The 1940 East Renfrewshire by-election was a parliamentary by-election held on 9 May 1940 for the British House of Commons constituency of East Renfrewshire in Scotland.

Previous MP 
The seat had become vacant when the constituency's Unionist Member of Parliament (MP), the Marquess of Clydesdale, succeeded to the peerage as Duke of Hamilton. He had been East Renfrewshire's MP since winning the seat at a by-election in 1930.

Candidates 
During the Second World War unopposed by-elections were common, since the major parties had agreed not to contest by-elections when vacancies arose in seats held by the other parties; contests occurred only when independent candidates or minor parties chose to stand.

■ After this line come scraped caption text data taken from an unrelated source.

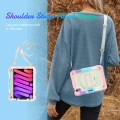 Shockproof Pancerne Etui Obudowa z Pen Slot i Paskiem do iPad Mini 6 beżowo-różowe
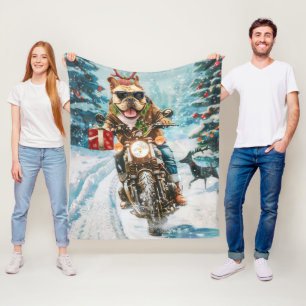 Bulldog Riding Motorcycle Christmas Fleece Blanket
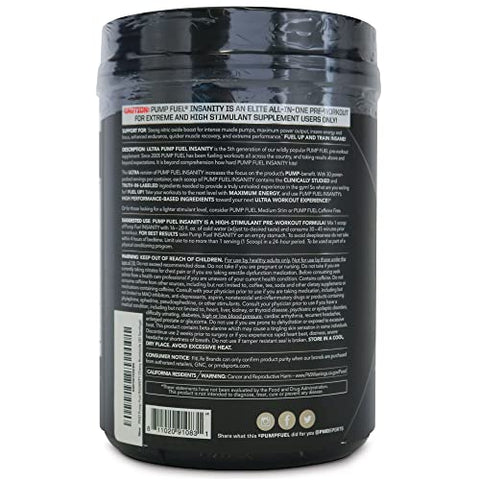 Sports Ultra Pump Fuel Insanity – Bebida Pré-Treino para Energia, Força, Resistência, Recuperação – Carboidratos Complexos e Energia Amino – Sabor Uva Selvagem (30 Porções) - PMD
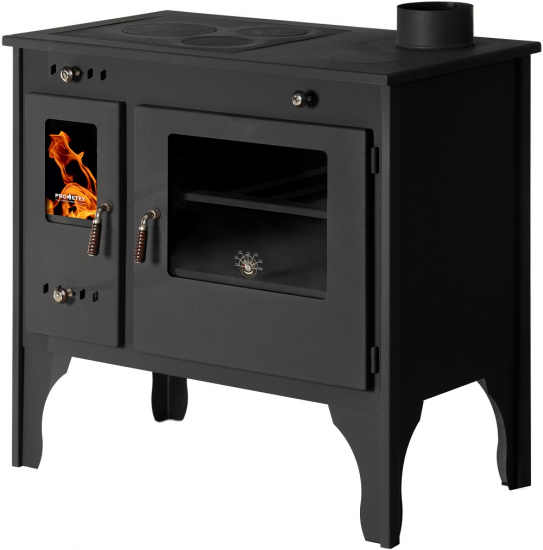 EEK A+ Küchenofen Holzherd Retro ECO schwarz, rechte Version - 7 kW Dauerbrandherd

The Unionist candidate in East Renfrewshire, Guy Lloyd, therefore did not face a Labour Party or Liberal candidate. However, the Independent Labour Party (ILP) did not support the electoral truce, and Annie Maxton (sister of ILP leader James Maxton) stood as an ILP candidate in the by-election.

Results 
On a much-reduced turnout, the result was a massive victory for Lloyd, who won 80.7% of the votes. He remained East Renfrewshire's MP until he stepped down at the 1959 election.

Votes

References

See also
 East Renfrewshire constituency
 East Renfrewshire
 1926 East Renfrewshire by-election
 1930 East Renfrewshire by-election
 List of United Kingdom by-elections (1931–1950)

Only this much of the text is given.